Ambition in Macbeth
Ambition is often the driving force in one’s life. It is supposed to be the motivating factor that drives one towards success. Society also deems ambition a necessary quality of their leader. It can be said that Macbeth exhibits this quality of ambition. He is the strong, valiant warrior who has won in battle and brought victory to Scotland. However, Macbeth’s quest to acquire more power-his ambition-ultimately leads to his tragic demise. How can one allow himself to be destroyed by such a thing? Before Duncan’s murder, Macbeth questions and second guesses his ambitious tendencies and actions. Despite his anxiety, he succumbs to these tendencies and finds himself in an increasingly precarious situation, with his back against the wall and growing ever closer to his almost inevitable end.
There is no doubt that Macbeth is a noble man. He risked everything he had to protect Scotland from Norway, and single-handedly took down the treacherous Thane of Cawdor:
“Till that Bellona’s bridegroom, lapped in proof,
Confronted him with self-comparisons,
Point against point, rebellious arm ‘gainst arm,
Curbing his lavish spirit: and, to conclude,
The victory fell on us.” (1.2.54-57)
Macbeth was seen as a brave and noble man by all of his peers, and even King Duncan himself. This is why Duncan proclaimed “What he hath lost, noble Macbeth hath won,” (1.2.67) referring to the fact that he named Macbeth to be Thane of Cawdor. One would think that after such accomplishment and high standing that Macbeth would be satisfied with his position. However, this is not the case.

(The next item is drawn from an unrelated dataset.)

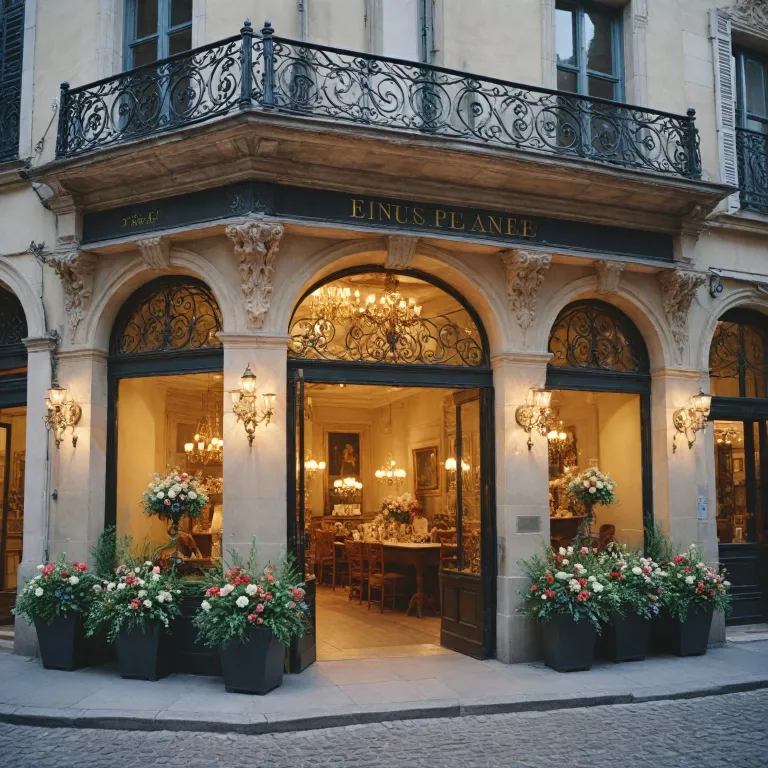 Séjourner à l’ambassade tours : l’adresse raffinée pour réserver les plus beaux hôtels de France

It is obvious that Macbeth has ambition, as most people who are in power do. In fact, ambition is often a necessary quality of people in such high standing as Macbeth is. However, Macbeth’s ambition does not just drive him to do great things. It in fact controls him:
“I have no spur to prick the sides of my intent, but only
Vaulting ambition, which o’erleaps itself
And falls on th’ other---” (1.7.25-28)
Macbeth clearly realizes that his ambition is too great. It is about to make him do something that he knows is wrong, and is against everything he has supposedly stood for, yet he also knows there is nothing he can do to stop it.

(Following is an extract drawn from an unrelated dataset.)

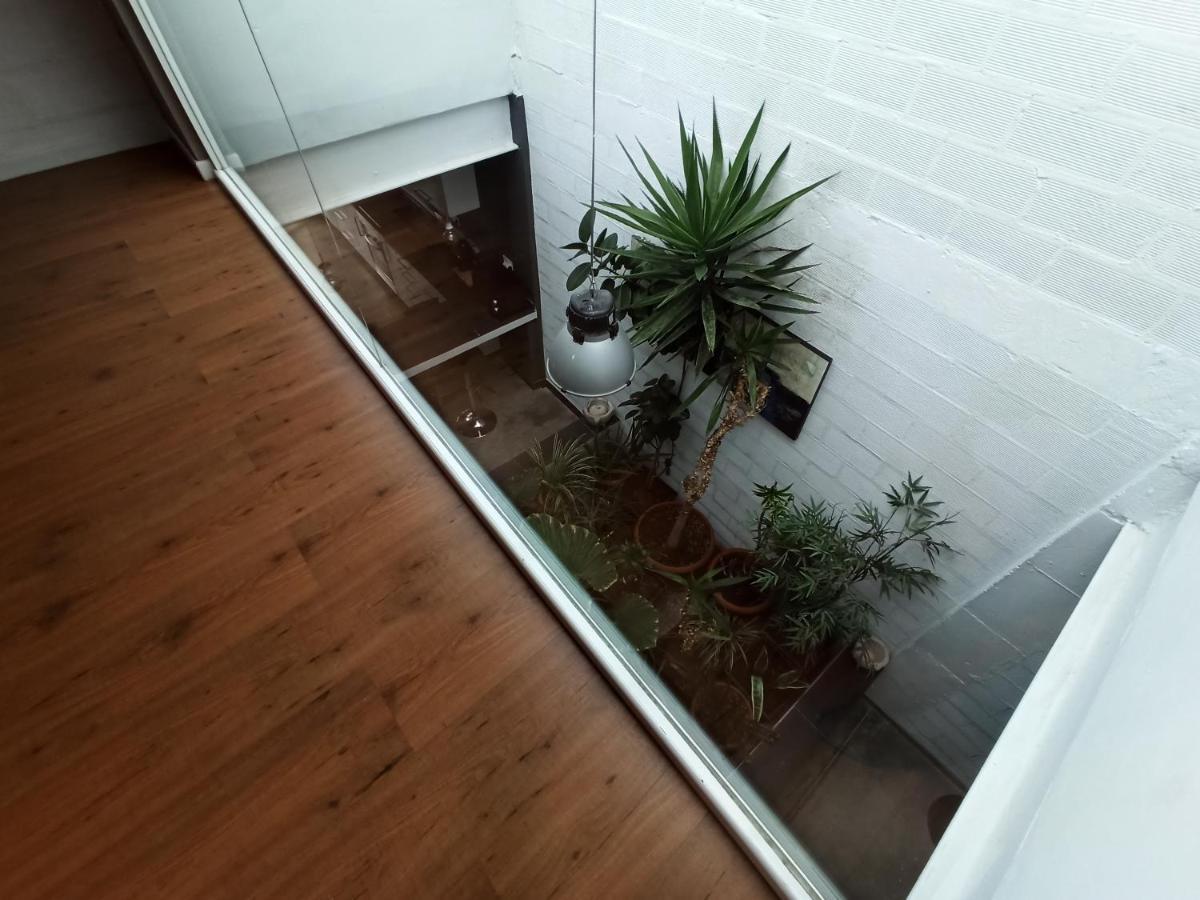 Loft Carrasketa Apartment Alfafara Luaran gambar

Macbeth second guesses his intent to murder Duncan before he commits the crime:
“We will proceed no further in this business:
He hath honored me of late, and I have bought
golden opinions from all sorts of people.” (1.7.31-33)
He realizes that maybe he is just better off in the position he is in right now. Maybe he should wait and acquire his higher standing in a noble way. However, through the persuasion of Lady Macbeth, he commits the murder anyway.